Starting with the first line, transcribe the material exactly through to the last.

# DATASET CONTENT

----------

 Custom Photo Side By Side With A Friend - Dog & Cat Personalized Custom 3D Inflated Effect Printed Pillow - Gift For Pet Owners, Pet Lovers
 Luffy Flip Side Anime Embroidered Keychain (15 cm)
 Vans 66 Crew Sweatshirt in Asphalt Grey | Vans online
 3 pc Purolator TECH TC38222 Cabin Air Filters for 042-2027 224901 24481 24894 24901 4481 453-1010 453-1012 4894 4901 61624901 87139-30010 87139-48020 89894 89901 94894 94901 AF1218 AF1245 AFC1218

----------

# SOLUTION FOR THIS EXERCISE
 Custom Photo Side By Side With A Friend - Dog & Cat Personalized Custom 3D Inflated Effect Printed Pillow - Gift For Pet Owners, Pet Lovers
 Luffy Flip Side Anime Embroidered Keychain (15 cm)
 Vans 66 Crew Sweatshirt in Asphalt Grey | Vans online
 3 pc Purolator TECH TC38222 Cabin Air Filters for 042-2027 224901 24481 24894 24901 4481 453-1010 453-1012 4894 4901 61624901 87139-30010 87139-48020 89894 89901 94894 94901 AF1218 AF1245 AFC1218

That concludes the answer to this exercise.